Quel pays est pour toi le plus intéressant pour la course en Amérique du Sud ?Ils ont tous un peu leurs spécificités mais je dirais l'Argentine quand même. Déjà par rapport au public, ils ont une vraie notion du sport automobile et ils sont là pour nous suivre et nous supporter. Les premières années, des millions d'argentins se déplaçaient pour nous voir et cela, on ne peut le voir que là-bas. Il n'y avait pas un tel engouement en Afrique car pour eux, le sport automobile, c'est vraiment exotique alors qu'en Amérique du Sud, ils en sont fanas quelque soit la discipline pratiquée.

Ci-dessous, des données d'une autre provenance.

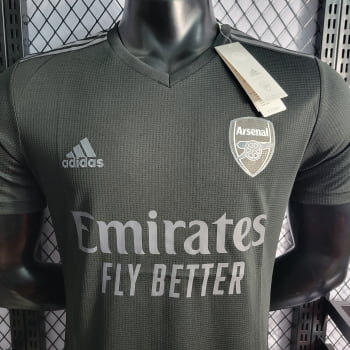 Camisa Arsenal 22/23 Versão Jogador Ed. Especial Preta + Personalização Grátis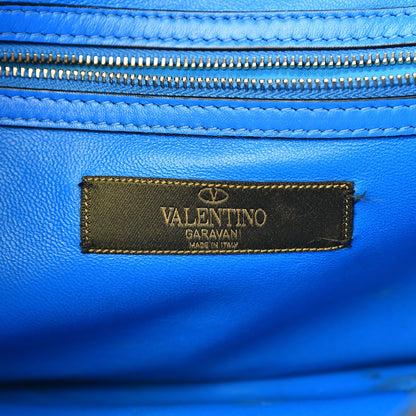 Valentino Garavani Nappa Canvas Camouflage Medium Glam Lock Rockstud Flap Blue Fluo 6 of 18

Pourquoi le Dakar a t-il perdu de sa superbe alors que de grandes courses comme les 24h du Mans ou d'autres sont toujours autant suivies ?Je ne sais pas si le Dakar a vraiment perdu de sa superbe et en plus cette année, il a beaucoup plus d'inscrits que ces dernières années. Après ce qu'il s'est passé, c'est qu'avec l'histoire du décalage horaire, la couverture médiatique européenne a été plus difficile. Du coup, on ne voyait que les premiers arrivés et ce que les gens recherchent, selon moi, c'est vraiment de voir les amateurs et leurs aventures humaines. Honnêtement, je pense que le décalage horaire a fait beaucoup de mal au Dakar. Ensuite, le sport automobile pâti également des histoires de pollution et d'émission de CO2 et tout cela a fait beaucoup de mal à l'image du Dakar. Malgré tout cela, le Dakar est toujours là et reste la course la plus dure et est aussi mythique que les 24h du Mans ou Pikes Peak.